* Image-caption web data
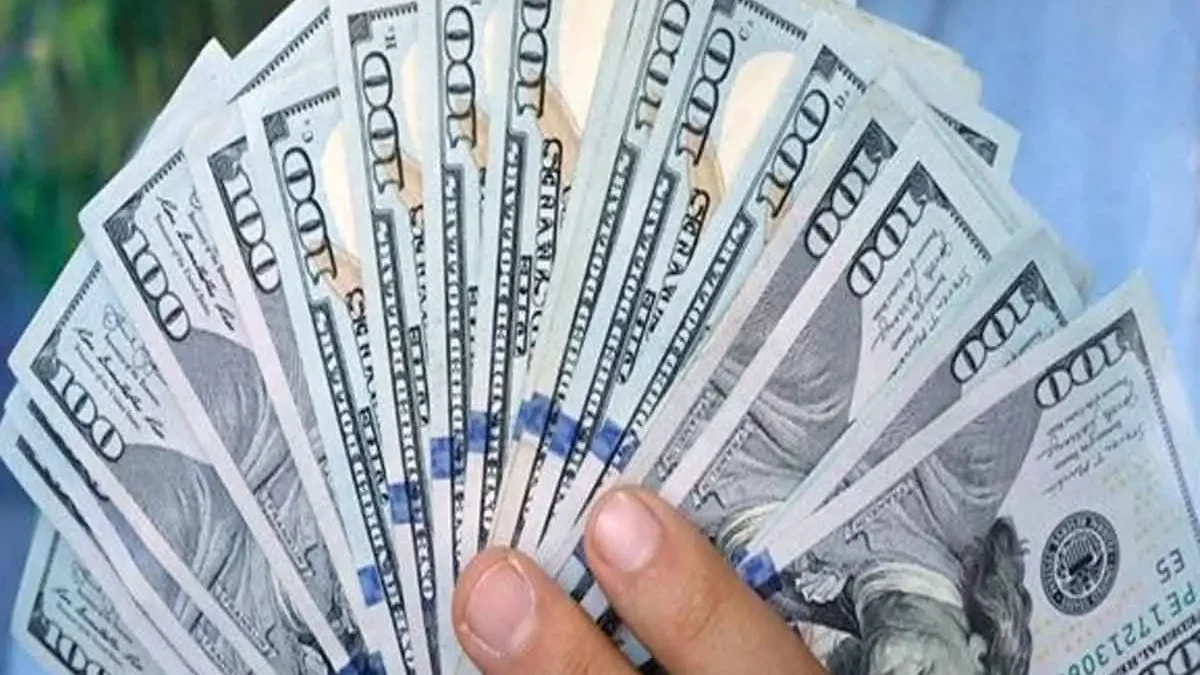 سعر الدولار اليوم السبت 29 أغسطس 2026 واستقرار الصرف في البنوك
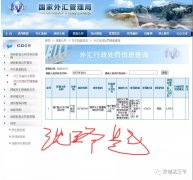 外汇黄金平台的好基友——智付被罚4000多万！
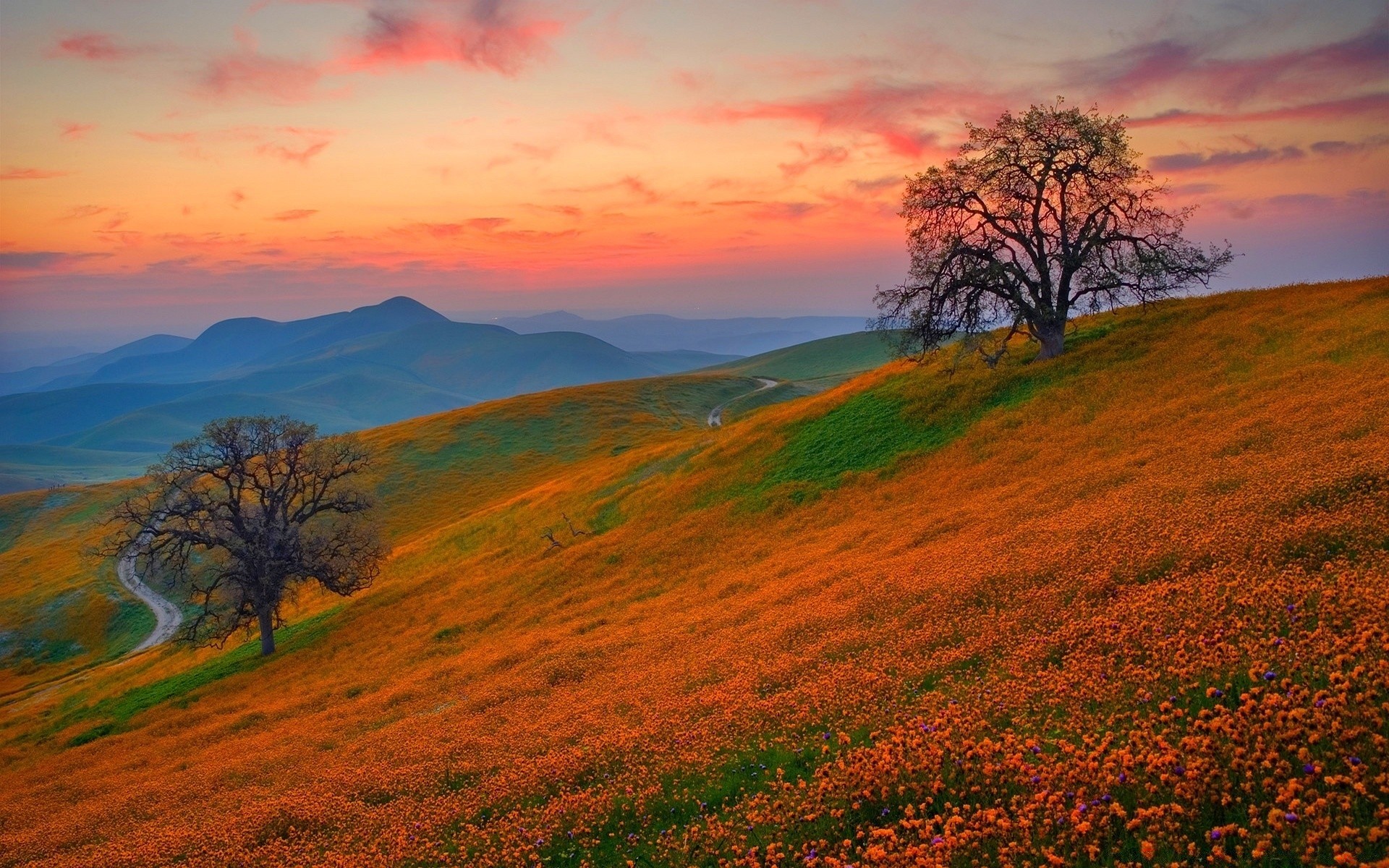 landscapes landscape nature outdoors sunset grass dawn rural tree sky countryside fair weather sun fall summer scenic bright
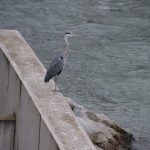 2023-09-22 Ehrenfunktionärsausflug zur Schleuse Nußdorf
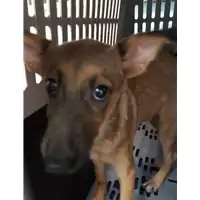 cane - Matr. 2019/2056 - Microchip 380260043869553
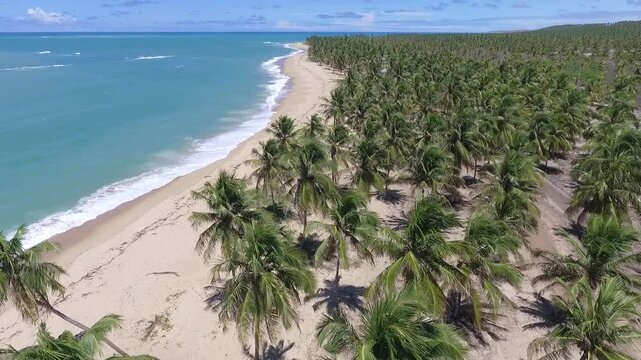 Aeral view of Gunga Beach - Roteiro, Alagoas, Brazil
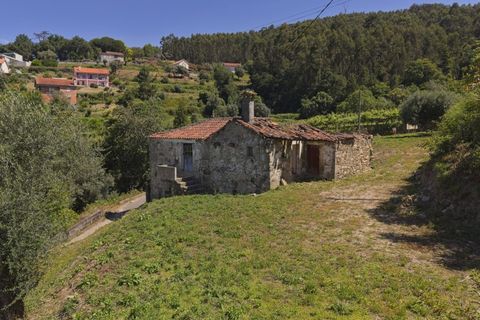 Villa i Ponte de Lima, Viana do Castelo, Ponte de Lima - € 125.000 | Ref: TC115 - foto 25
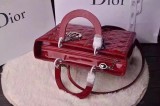 B1X43D55 Popular  leather bag (32cm)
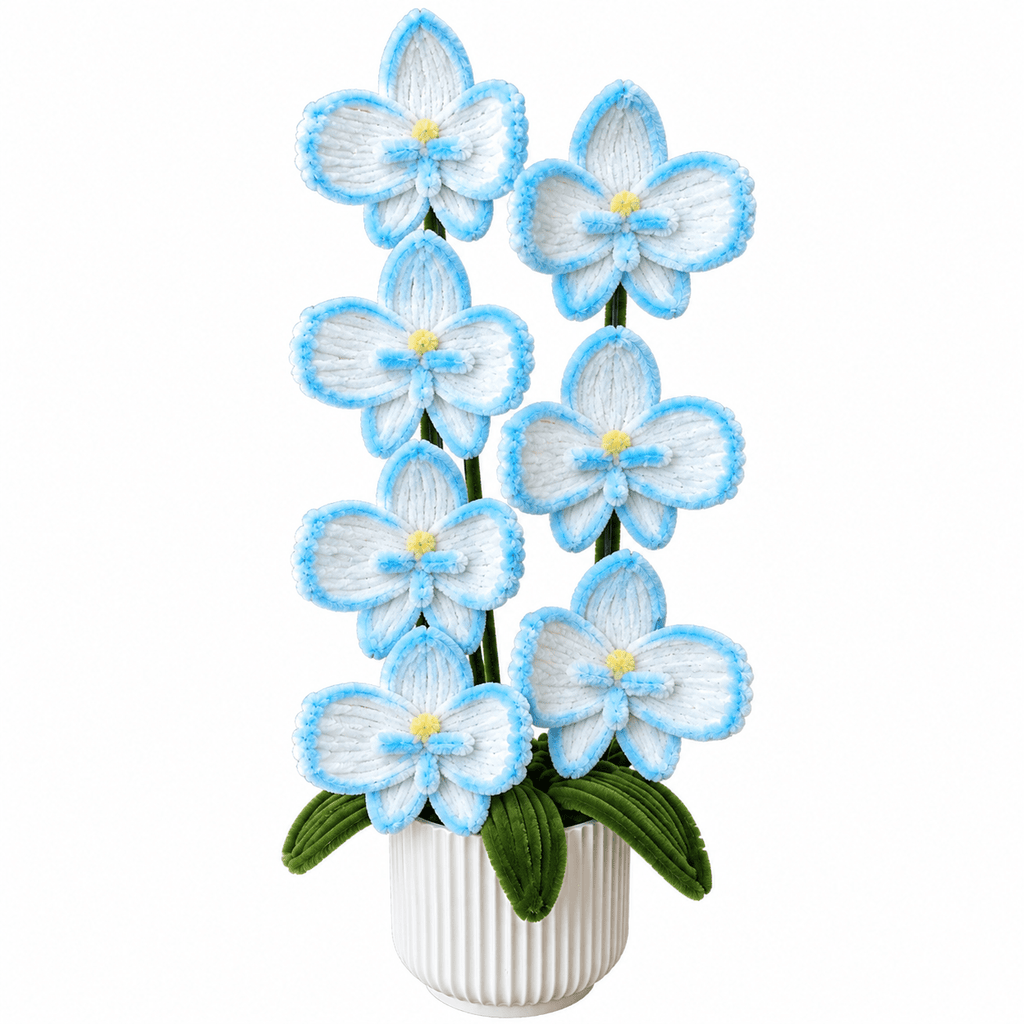 Composition florale - « Aqua Orchid » - Orchidées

* Required work
An exact copy of each entry is required, minus the pictures.

* Answer to the problem
 سعر الدولار اليوم السبت 29 أغسطس 2026 واستقرار الصرف في البنوك
 外汇黄金平台的好基友——智付被罚4000多万！
 landscapes landscape nature outdoors sunset grass dawn rural tree sky countryside fair weather sun fall summer scenic bright
 2023-09-22 Ehrenfunktionärsausflug zur Schleuse Nußdorf
 cane - Matr. 2019/2056 - Microchip 380260043869553
 Aeral view of Gunga Beach - Roteiro, Alagoas, Brazil
 Villa i Ponte de Lima, Viana do Castelo, Ponte de Lima - € 125.000 | Ref: TC115 - foto 25
 B1X43D55 Popular  leather bag (32cm)
 Composition florale - « Aqua Orchid » - Orchidées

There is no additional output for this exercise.